There have been a few instances of people refusing to allow a woman to sit
next to them. They don't always move themselves, they sometimes insist the
woman is moved.

EG, but there are other examples:
[https://news.ycombinator.com/item?id=11406112](https://news.ycombinator.com/item?id=11406112)

------
cs2818
I recently was selected for a more thorough screening at the DFW airport,
which included walking through the metal detector twice, having a body scan,
the new "universal pat-down" [0], and individual swabbing and x-ray of every
item in my bag (everything required to be powered up as well).

I am often selected for pat-downs, despite using the scanner, and I must say
the newly implemented pat-down procedure was much more intimate than I was
comfortable with.

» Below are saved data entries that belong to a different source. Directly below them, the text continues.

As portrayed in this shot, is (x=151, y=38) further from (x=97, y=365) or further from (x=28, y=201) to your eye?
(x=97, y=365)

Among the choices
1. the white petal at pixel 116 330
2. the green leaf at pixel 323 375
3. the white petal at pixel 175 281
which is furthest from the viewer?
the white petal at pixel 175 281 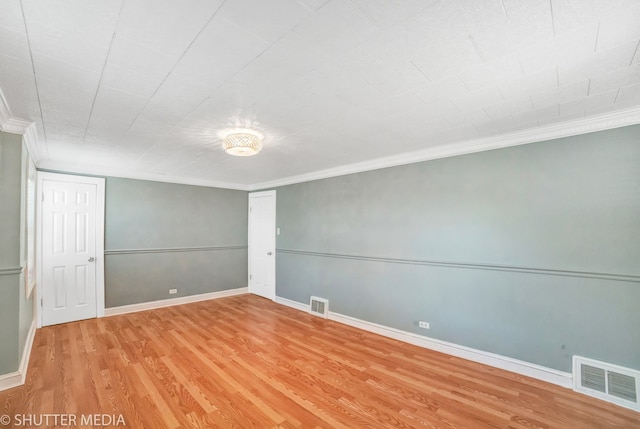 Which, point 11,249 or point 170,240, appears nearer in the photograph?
point 11,249

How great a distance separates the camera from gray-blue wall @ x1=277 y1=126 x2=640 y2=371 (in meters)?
2.24

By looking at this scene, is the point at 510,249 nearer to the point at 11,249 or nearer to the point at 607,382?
the point at 607,382

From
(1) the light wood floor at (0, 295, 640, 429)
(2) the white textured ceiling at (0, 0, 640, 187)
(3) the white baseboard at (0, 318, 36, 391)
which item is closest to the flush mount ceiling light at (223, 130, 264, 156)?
(2) the white textured ceiling at (0, 0, 640, 187)

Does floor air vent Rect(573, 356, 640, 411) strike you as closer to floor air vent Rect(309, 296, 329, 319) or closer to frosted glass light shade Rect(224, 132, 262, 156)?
floor air vent Rect(309, 296, 329, 319)

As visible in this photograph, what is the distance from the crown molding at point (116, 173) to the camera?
3.86m

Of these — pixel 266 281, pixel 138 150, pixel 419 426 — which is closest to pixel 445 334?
pixel 419 426

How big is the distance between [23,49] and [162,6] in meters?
0.95

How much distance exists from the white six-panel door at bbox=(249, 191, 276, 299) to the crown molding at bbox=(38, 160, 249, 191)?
756 mm

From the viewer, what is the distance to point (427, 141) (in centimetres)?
296

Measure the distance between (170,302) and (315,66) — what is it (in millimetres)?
4921

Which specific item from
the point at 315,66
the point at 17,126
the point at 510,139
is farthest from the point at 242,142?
the point at 510,139

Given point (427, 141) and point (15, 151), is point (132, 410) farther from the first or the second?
point (427, 141)

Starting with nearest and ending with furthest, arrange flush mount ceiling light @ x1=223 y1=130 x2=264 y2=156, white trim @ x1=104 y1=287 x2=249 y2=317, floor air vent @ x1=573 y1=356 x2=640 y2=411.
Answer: floor air vent @ x1=573 y1=356 x2=640 y2=411 → flush mount ceiling light @ x1=223 y1=130 x2=264 y2=156 → white trim @ x1=104 y1=287 x2=249 y2=317

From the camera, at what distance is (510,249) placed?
2.71 meters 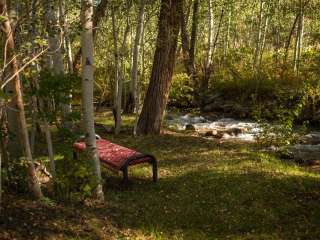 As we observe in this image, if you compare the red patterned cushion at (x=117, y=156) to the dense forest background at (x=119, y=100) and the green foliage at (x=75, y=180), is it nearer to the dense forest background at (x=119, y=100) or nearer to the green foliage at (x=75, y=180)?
the dense forest background at (x=119, y=100)

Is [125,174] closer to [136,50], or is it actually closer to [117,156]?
[117,156]

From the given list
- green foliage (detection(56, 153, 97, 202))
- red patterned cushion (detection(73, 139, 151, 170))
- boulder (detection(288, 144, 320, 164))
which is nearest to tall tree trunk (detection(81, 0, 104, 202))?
green foliage (detection(56, 153, 97, 202))

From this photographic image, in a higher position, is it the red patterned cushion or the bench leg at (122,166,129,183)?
the red patterned cushion

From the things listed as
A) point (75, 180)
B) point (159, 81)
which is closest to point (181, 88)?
point (159, 81)

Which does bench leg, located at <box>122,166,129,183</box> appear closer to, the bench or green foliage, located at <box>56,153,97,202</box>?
the bench

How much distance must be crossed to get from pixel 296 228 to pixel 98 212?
9.93 feet

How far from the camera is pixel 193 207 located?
7246 mm

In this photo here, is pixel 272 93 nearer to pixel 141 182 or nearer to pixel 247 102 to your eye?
pixel 247 102

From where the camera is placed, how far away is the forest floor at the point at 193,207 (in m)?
5.63

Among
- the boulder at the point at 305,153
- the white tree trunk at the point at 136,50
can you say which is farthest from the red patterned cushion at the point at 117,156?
the boulder at the point at 305,153

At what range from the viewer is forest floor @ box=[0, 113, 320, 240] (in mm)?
5633

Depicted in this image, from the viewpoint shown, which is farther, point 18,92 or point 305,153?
point 305,153

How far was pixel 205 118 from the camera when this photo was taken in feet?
64.7

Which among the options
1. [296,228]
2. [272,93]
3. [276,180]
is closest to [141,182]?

There's got to be a better way.

[0] [http://www.usatoday.com/story/news/nation-
now/2017/03/03/tsa...](http://www.usatoday.com/story/news/nation-
now/2017/03/03/tsa-rolls-out-new-more-intimate-airport-pat-downs/98713844/)

------
notburnt
The chemical test positive happened to me too: they swabbed my bag and the
machine beeped and I got a free full body massage.

This was when I was flying home from college for summer.

I explained it as "This is the bag I use for school: something must have
touched it during chem lab".

I am a coward for saying this, but your objective when flying is to get to
point B. So, make it easy on the jack-booted thugs.

You don't affect change by annoying your local officially sanctioned thug. You
affect change by voting.

If you want to make a stand, then come prepared for that: knowledge of law +
24 hours to kill.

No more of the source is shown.